In 278 BC, Sicily called on King Pyrrhos I (a Greek king) for help against the Carthaginians. Pyrrhos was at that time at war against the young Roman Republic, he wanted to conquer Lower Italy. He arrived in Italy not only with many soldiers, but also with 26 elephants trained for war. With these elephants he also fought in Sicily, was able to defeat the Carthaginians and conquered a large part of Sicily. He then made himself king of Sicily.
These elephants must have been a truly unusual and frightening sight for the people of Sicily at the time. Since they helped in the liberation of Carthage, they became the guardian animal of Catania.
But there is also a completely different explanation for the unusual heraldic animal: the elephant was dedicated to the Greek god Dionysus (Roman: Bacchus), the god of wine, fertility and joy, but also the god of madness or ecstasy. Dionysus is said to have travelled on elephants as far as India; his chariot was pulled by elephants, among others. The cult of Bacchus also came to Sicily through Greek settlement. Since it enjoyed great popularity, the elephant may have become the heraldic animal of Catania.
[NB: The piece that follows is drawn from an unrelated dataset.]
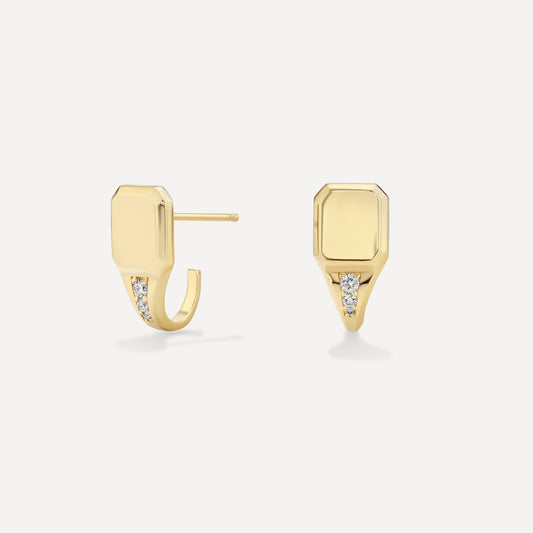 Engravable Diamond Signet J Hoops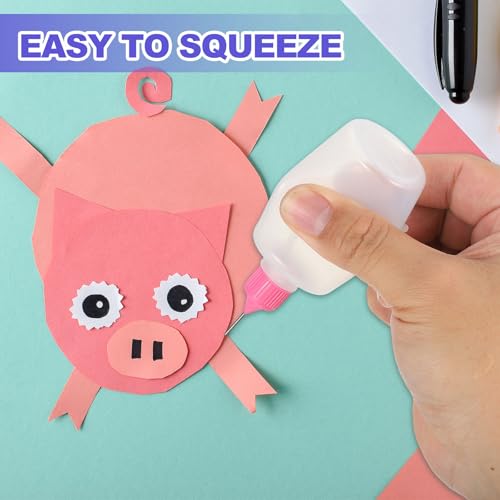 MECCANIXITY 5Pcs Needle Tip Squeeze Bottle, 30ml/1oz Glue Tip Applicator Bottles Plastic Liquid Glue Bottle for Paper Crafts, Painting, Oil, Ink(White, with 5 Funnel) - color: White, size: 30ml/1 oz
The following explanation comes from the realm of legends:
The Wizard Who Flew on the Elephant
The inhabitants of Catania call their elephant u Liotru in the Sicilian dialect. This name is said to go back to the name of a magician who called himself Eliodoro. In the course of time, this is said to have become u Liotru.
Eliodoro lived in Catania in the 8th century AD. At that time, the city was under Byzantine rule, i.e. part of the Eastern Roman Empire. He came from a noble family and dedicated his life to the Catholic church. When he tried – in vain – to become bishop of Catania, he was so enraged by this that from then on he devoted himself to magic. At least that was the accusation of his contemporaries.
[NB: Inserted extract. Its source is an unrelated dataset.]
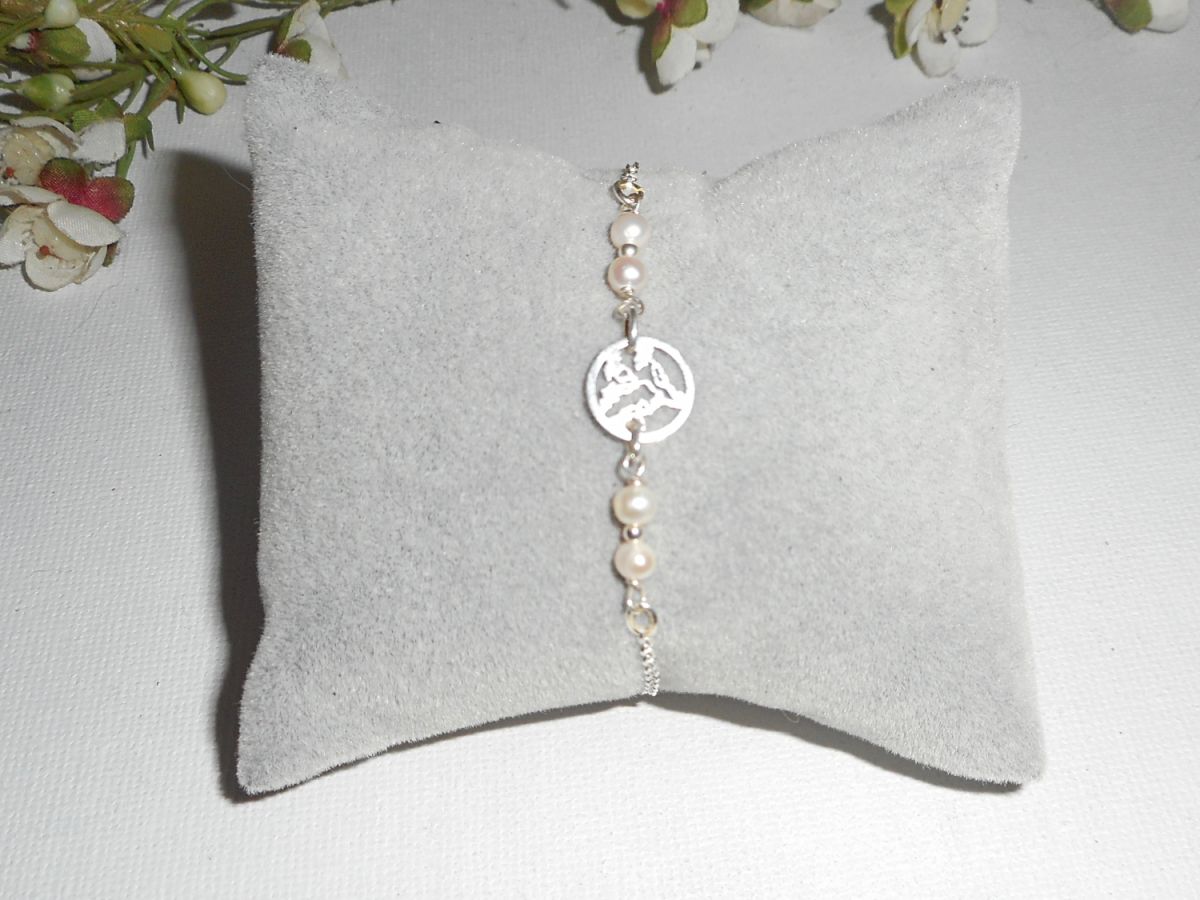 Armband med odlade pärlor och livets träd i silver 925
Here we leave the historical events and come to the legend.
One night, Eliodoro summoned the devil and made a pact with him. Eliodoro denied his faith in Christ and received supernatural abilities in return.
With his magical powers, he created an elephant from the lava of Etna and breathed life into it. He flew around the city on it, joking with the people of Catania. He also travelled back and forth on the elephant between Byzantium (Constantinople) and Catania.
Once Eliodoro is said to have shopped at the market and paid for everything with gold and diamonds. But as soon as he left, the precious items turned into stones. Another time he persuaded the bishop’s nephew to bet on a horse race. He won. But at the award ceremony, the winning horse confessed that it was really the devil himself and only wanted to make fun of the nephew.
For this, Eliodoro was thrown into prison. But he was able to escape because he bribed the guards with gold, which – correctly guessed – turned back to stone shortly afterwards. He was then sentenced to death by Constantine, the ruler of Byzantium. As his last wish shortly before his execution, he asked for a bowl of water. He dipped his head into it and disappeared. One could still hear the words: “Whoever wants me, let him look for me in Catania!”
And yet another time he was led before the executioner because he had set fire to the backside of a minister’s wife. But this time too he escaped because he suddenly became tiny, crawled into the executioner’s sleeve and came out of the other sleeve. “I escaped the first time; this is the second time. If you want me, look for me in Catania!” he shouted and disappeared again.
Only Bishop Leone II of Catania is said to have managed to free the city from the sorcerer’s evil pranks by reading a mass of atonement. Eliodoro was reduced to ashes.
Here, historical reality catches up with us again: Eliodoro, an adversary of Bishop Leone throughout his life, was condemned to death by the latter for his black magic practices and burned alive in 778.
But the elephant of Eliodoro remained and is still closely associated with Catania. It is not only found in the coat of arms of the city of Catania, but also in the coat of arms of the University of Catania and is the mascot of many sports teams.